Work instructions:
Please repeat, precisely as written, only the lines from the one containing "Annalen der Brittischen" through the last line of the records below, pictures omitted.
(Raw data Opens)
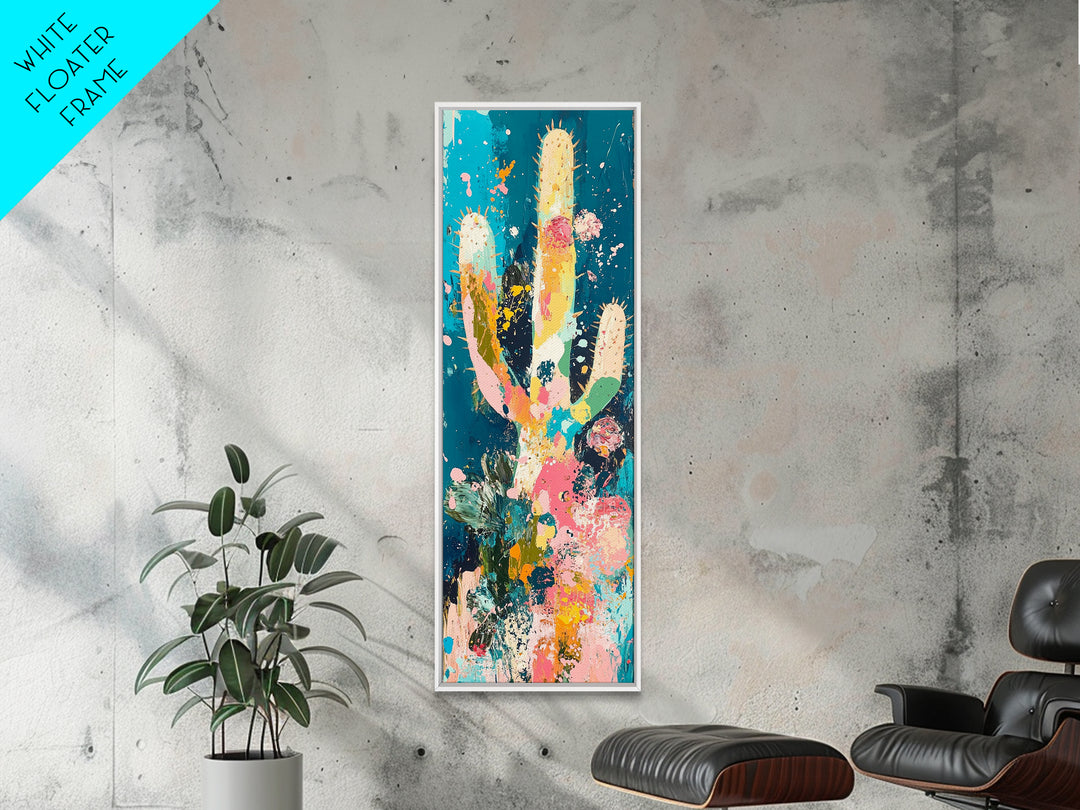 Colorful cactus, southwest wall art, agave painting, botanical prints, framed canvas print, tall narrow art, vertical wall art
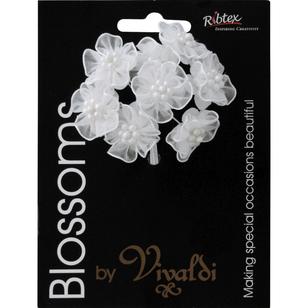 Vivaldi Blossoms 8 Head Organza Daisy With Pearls White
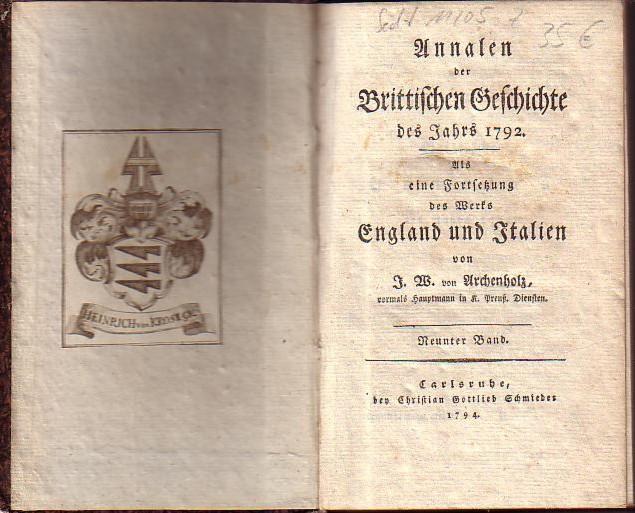 Annalen der Brittischen Geschichte des Jahrs 1792. Als eine Fortsetzung des Werks England und Italien von J. W. von Archenholz. Band 9.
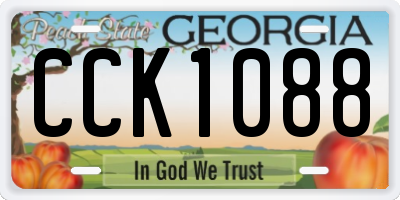 GA license plate CCK1088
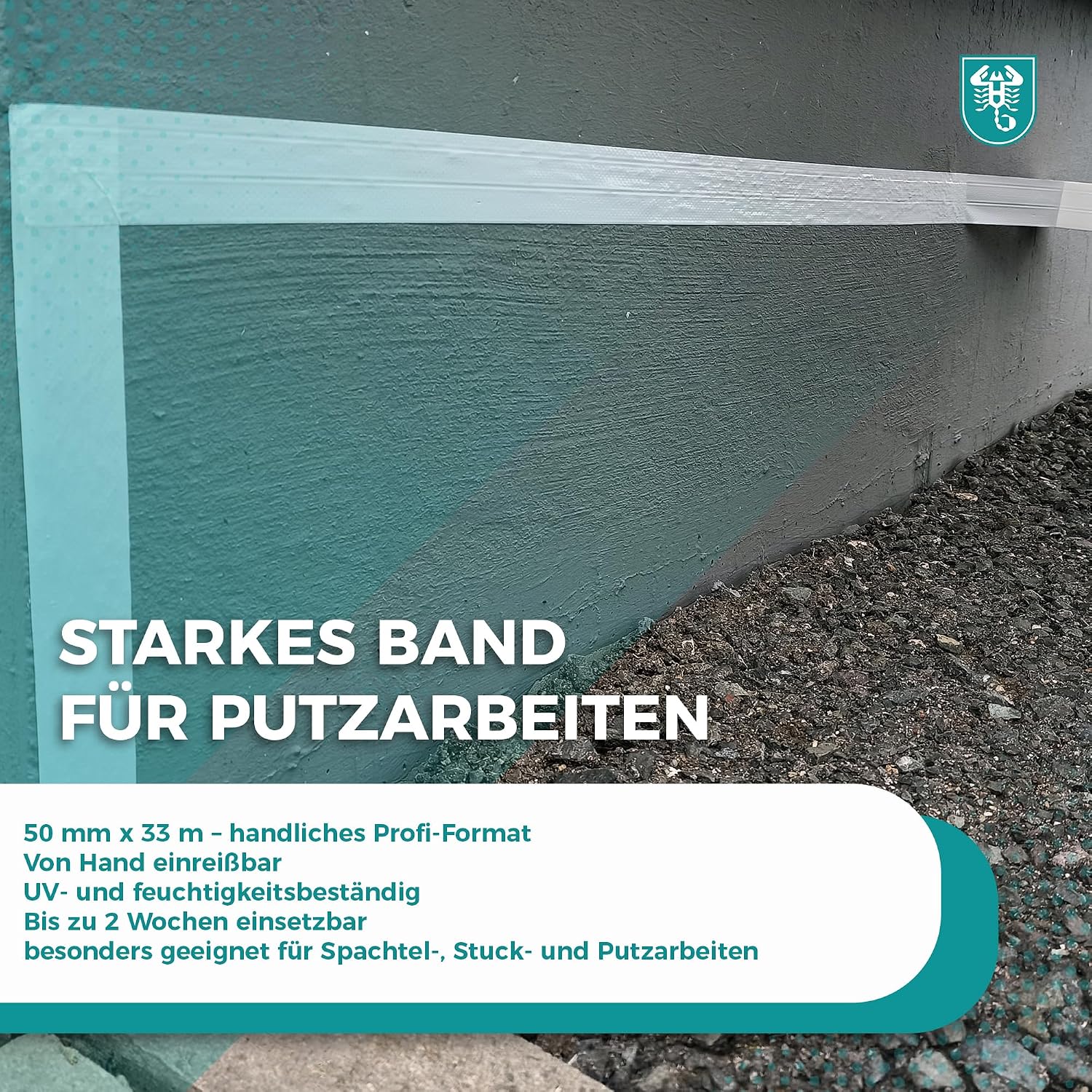 Verputzerband 50 mm x 33 m mit Gewebe weiß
(Raw data Closes)
Result of this task:
 Annalen der Brittischen Geschichte des Jahrs 1792. Als eine Fortsetzung des Werks England und Italien von J. W. von Archenholz. Band 9.
 GA license plate CCK1088
 Verputzerband 50 mm x 33 m mit Gewebe weiß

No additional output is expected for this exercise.